Evidence normalisation

Evidence arrives in many forms. Two organisations publishing the same fact may use different key ordering, different encoding, different whitespace, different locale conventions for numbers and dates. Without normalisation, the same semantic content produces two different cryptographic hashes — defeating reproducible verification.

AIEP’s deterministic normalisation engine (P10) solves this by converting all evidence to a canonical form before hashing, indexing, or cross-node processing. The key property: two independent normalisers processing semantically equivalent source material must produce bit-identical output.

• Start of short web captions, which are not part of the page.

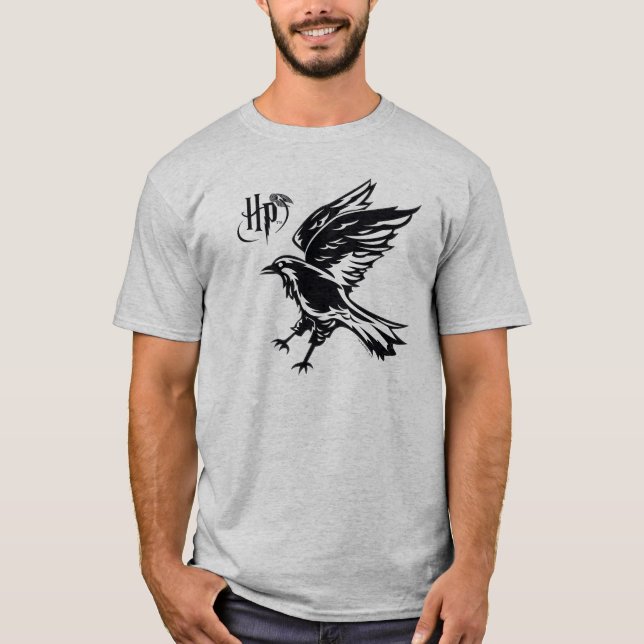 T-shirt Harry Potter | Ravenclaw (Devant)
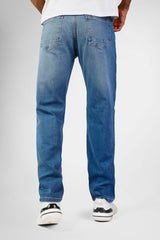 Denim Regular Fit Pant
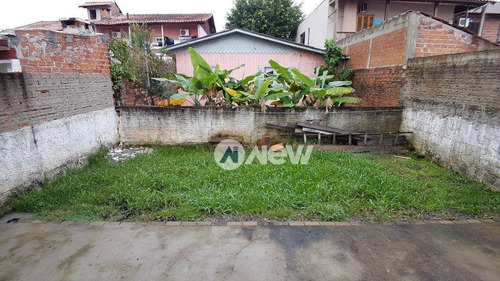 Casa À Venda, 57 M² Por R$ 230.000,00 - Canudos - Novo Hamburgo/rs - Ca2847
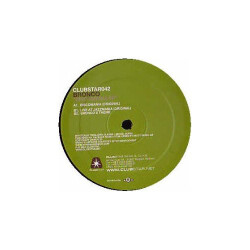 Discomania E.P. clubstar042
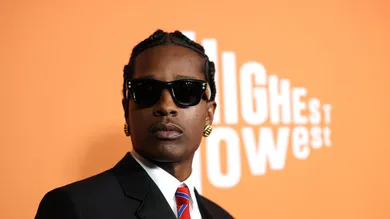 "Highest 2 Lowest" New York Premiere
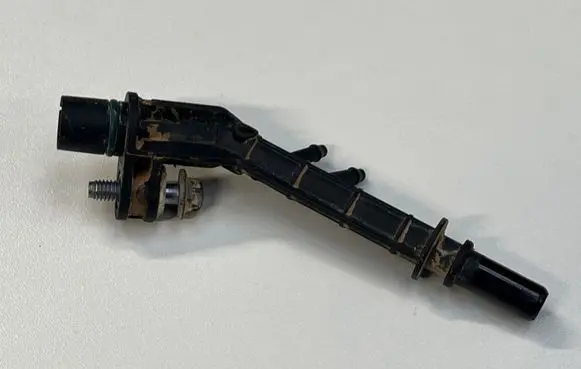 BMW 3 G20 G21 Vacuum line/pipe/hose 8513330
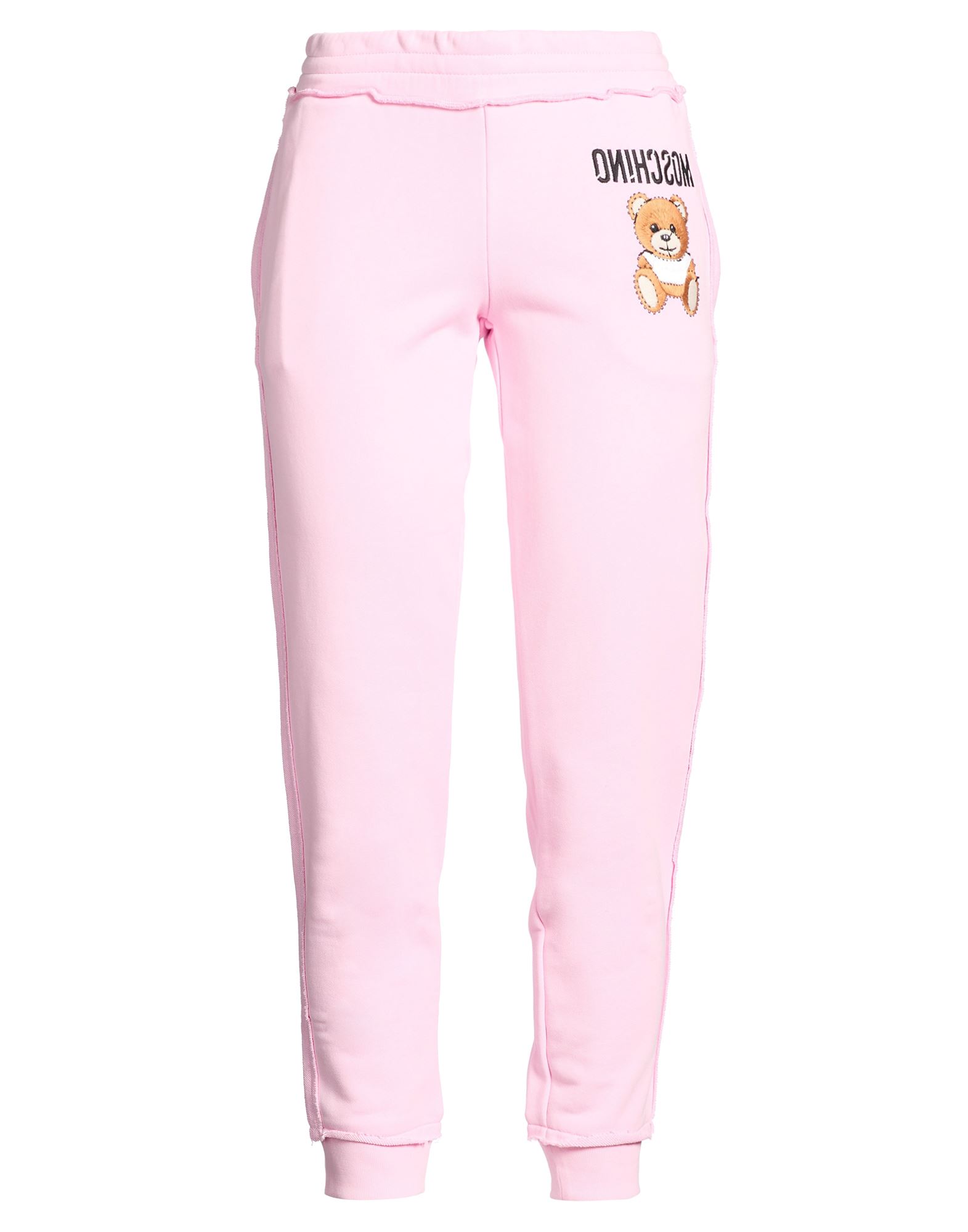 MOSCHINO MOSCHINO BOTTOMWEAR Casual Παντελόνι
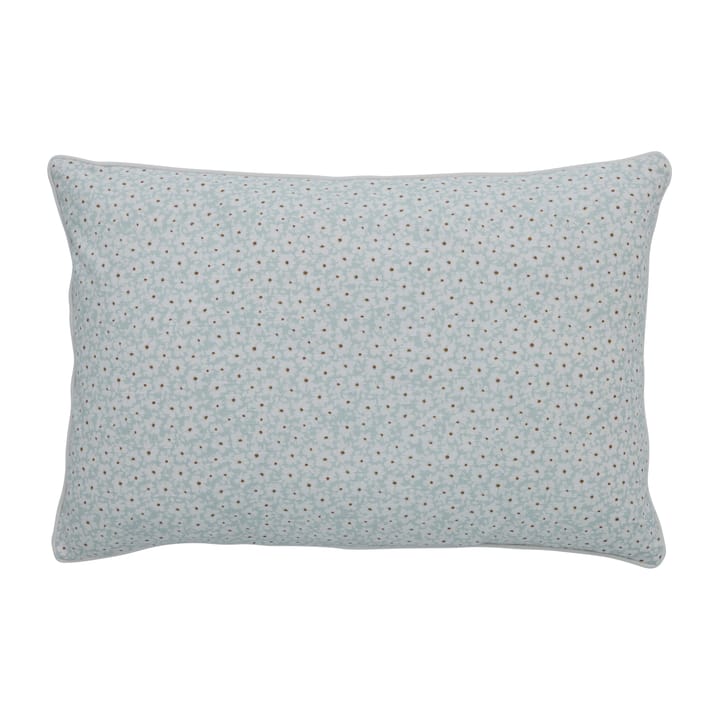 Liberte cushion 40x60 cm, Mint-white Lene Bjerre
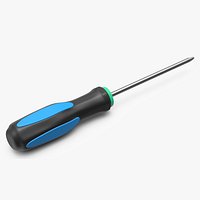 Phillips Head Screwdriver 4mm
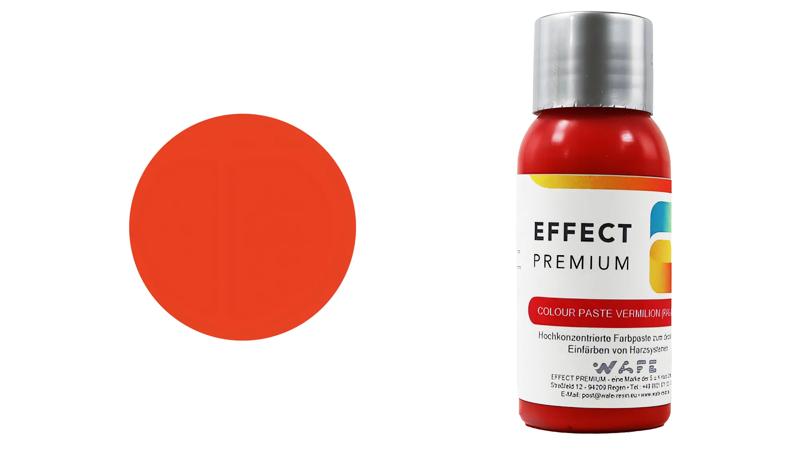 Image du produit Pâte colorante Woodresin orange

The problem with non-deterministic normalisation

Issue	What goes wrong
Key ordering variance	`{"a":1,"b":2}` and `{"b":2,"a":1}` produce different hashes despite being identical
Whitespace variance	Additional spaces, newlines, or indentation alter the hash
Encoding variance	UTF-8 vs UTF-16, BOM presence, normalisation form (NFC vs NFD)
Locale variance	`1,234.56` vs `1.234,56` for the same number
Timestamp variance	`2026-03-05T09:00:00Z` vs `2026-03-05T09:00:00+00:00`
Container metadata	Spreadsheet internal metadata, PDF creator fields, EXIF data

Any of these produce a different hash from semantically identical content. Non-deterministic normalisation makes distributed verification impossible — two nodes independently hashing the same evidence produce different identifiers.

The NormalisationProfile

The normalisation engine operates under a version-bound NormalisationProfile — a declared, schema-pinned set of rules that fully specifies how any input of a given type is to be normalised.

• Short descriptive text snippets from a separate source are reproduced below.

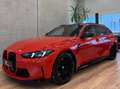 BMW M3 xDrive Competition / Werksg. / MwSt / Repairincl. Rot - thumbnail 11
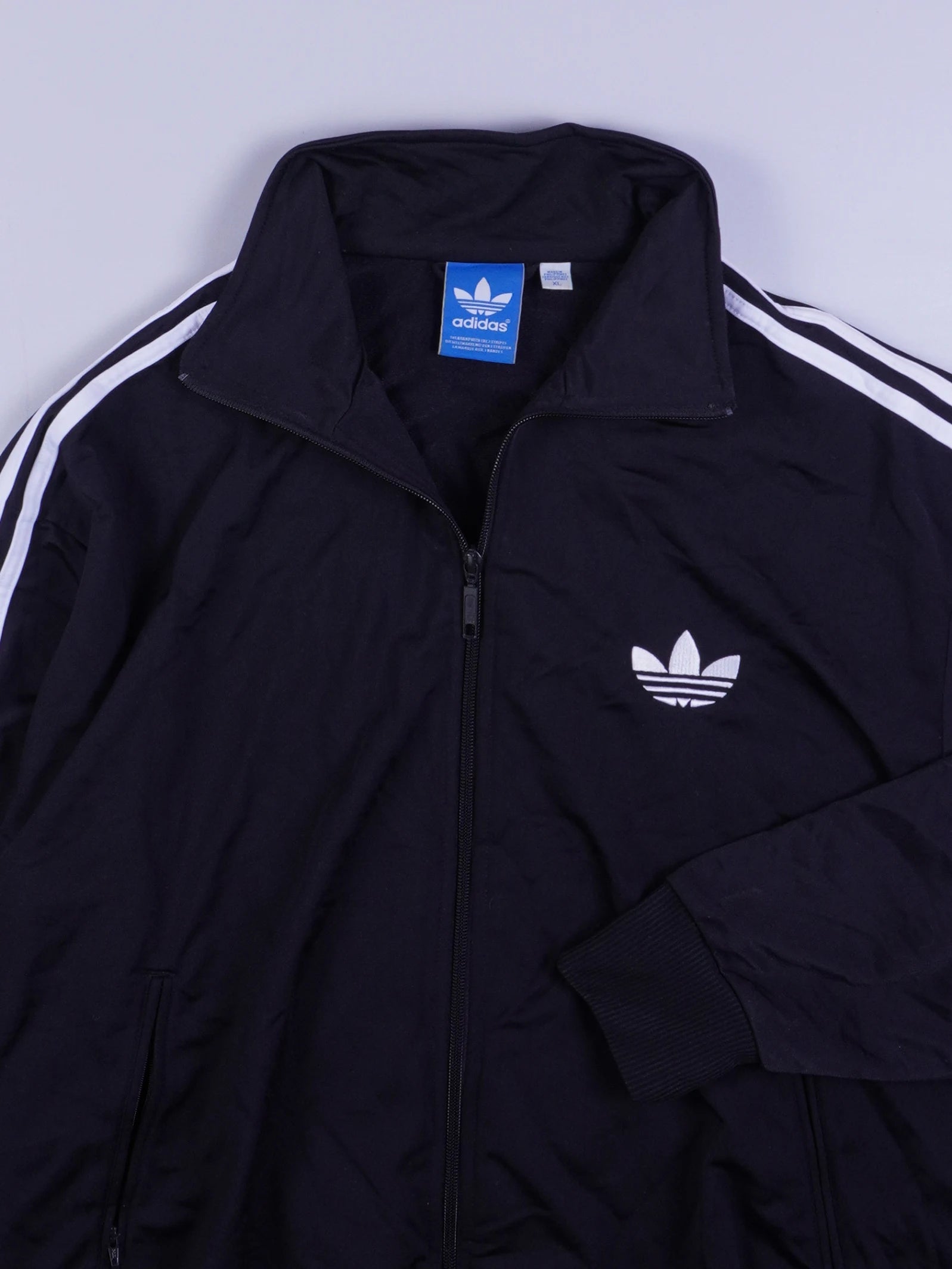 Adidas Trainingsjacke (XL)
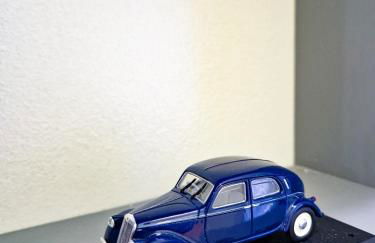 Torino Vincenzo Lancia Apartment - Photo 23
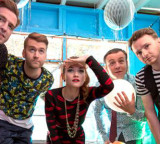 Big Fucking Tune: MisterWives – Our Own House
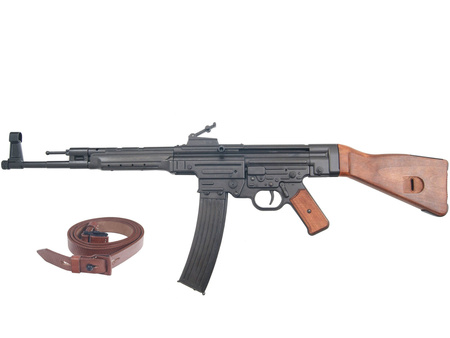 Denix 1125, replika Stg44 z paskiem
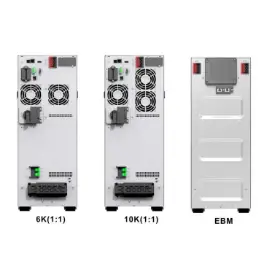 Picture of Powerwalker VFI 6000 ICT IoT Art no. 10122200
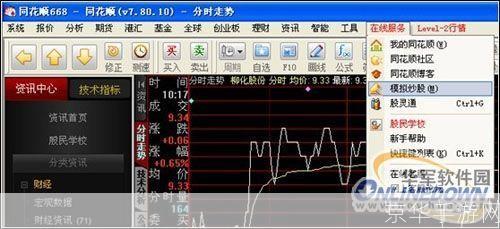 模拟炒股软件怎么用: 模拟炒股软件的使用方法详解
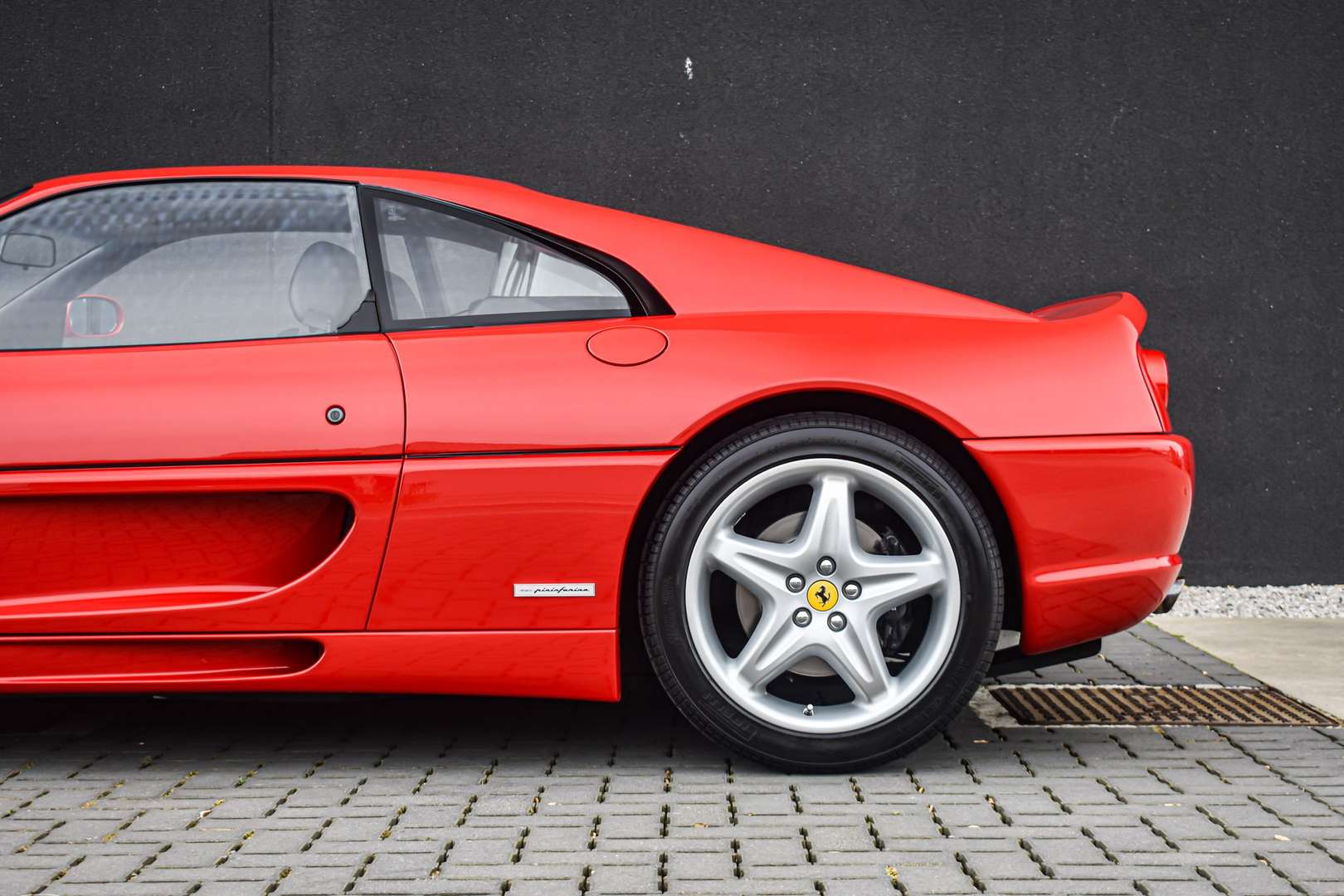 Ferrari F355 - 1998 - Joinsteer - #13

A NormalisationProfile declares:

Rule set	What it specifies
Parsing rules	How to parse each supported input type
Encoding rules	Target encoding (UTF-8 NFC, no BOM) and encoding detection logic
Locale rules	Canonical number, date, and currency representation
Key ordering rules	Lexicographic stable sort of all object keys
Whitespace rules	Elimination of insignificant whitespace
Container metadata stripping	Which metadata fields to strip from container formats
Lossless constraints	Which transformations are permitted — lossy transformations are rejected

The profile is versioned and pinned. A normaliser running ProfileVersion 1.0.3 and another normaliser also running 1.0.3 will produce identical output from identical input — regardless of operating system, locale, or hardware.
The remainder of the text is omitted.